EN 43: Apostolic Ardor, homilies and Amaretto Sours
So the next time your pastor asks you about his sermons, say, I would like to see more sermons that are "simple, clear, direct, well-adapted, profoundly dependent on Gospel teaching and faithful to the magisterium, animated by a balanced apostolic ardor coming from its own characteristic nature, full of hope, fostering belief, and productive of peace and unity." §43
Apostolic ardor. I like that. He then goes on to mention what seems to be a great insight for Catholic outreach, that the homily can be used on most any occasion:
Let us add that, thanks to the same liturgical renewal, the Eucharistic celebration is not the only appropriate moment for the homily. The homily has a place and must not be neglected in the celebration of all the sacraments, at para-liturgies, and in assemblies of the faithful. It will always be a privileged occasion for communicating the Word of the Lord.(So some would say that Vatican II hardly led to 'liturgical renewal' but I am not even going to talk about that.)

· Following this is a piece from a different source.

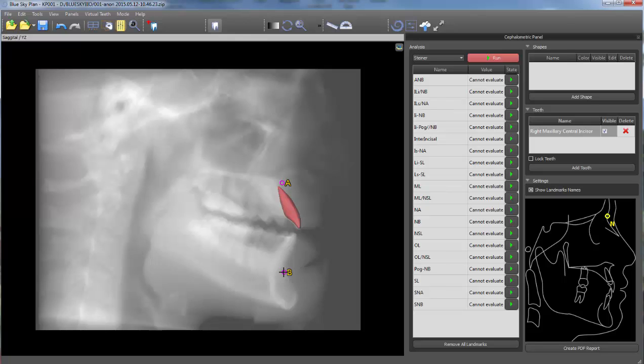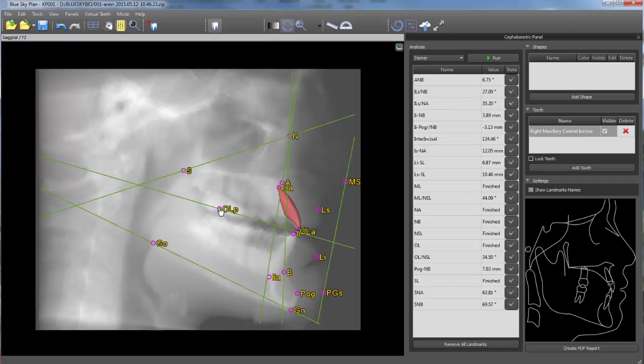Continue marking all the points in the CT scan until all relevant points have been demarked. Once all points have been marked, the calculations are completed and displayed in both the CT scan as well as in the CEPH panel.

So: imagine inviting friends over for dinner, and having a priest or deacon give a short homily before dinner, or heck, afterwards while folks are sipping on delicious amaretto sours (That's for you Erik). 15 minutes is not much. And if they are non-Christians then you don't have to start explaining what the Eucharist is, and so on (though that is certainly a good conversation to have...eventually).
This would be particularly suitable in the Middle East (perhaps without the Amaretto Sours). Especially if they have had some time to meet and speak with the cleric over a meal, they will not be adverse to him offering a couple of reflections on the life of saint whatever or the beatitudes or what have you. In fact it would be very ordinary for something like this to happen, since respect for religious figures (generally including Christian clerics) is still very much part of the culture, especially in more traditional areas (note that the clergy should be wearing clerical clothing).
This all completes the thought of people being tired of words. To share a meal is a form of communication which is very suitable for people tired of words. One might almost say that it is a sort of proto-Eucharist and the addition of a homily filled with Apostolic ardor can only make that truth more clear, helping the Church to "proclaim the Gospel to the people of today" §1.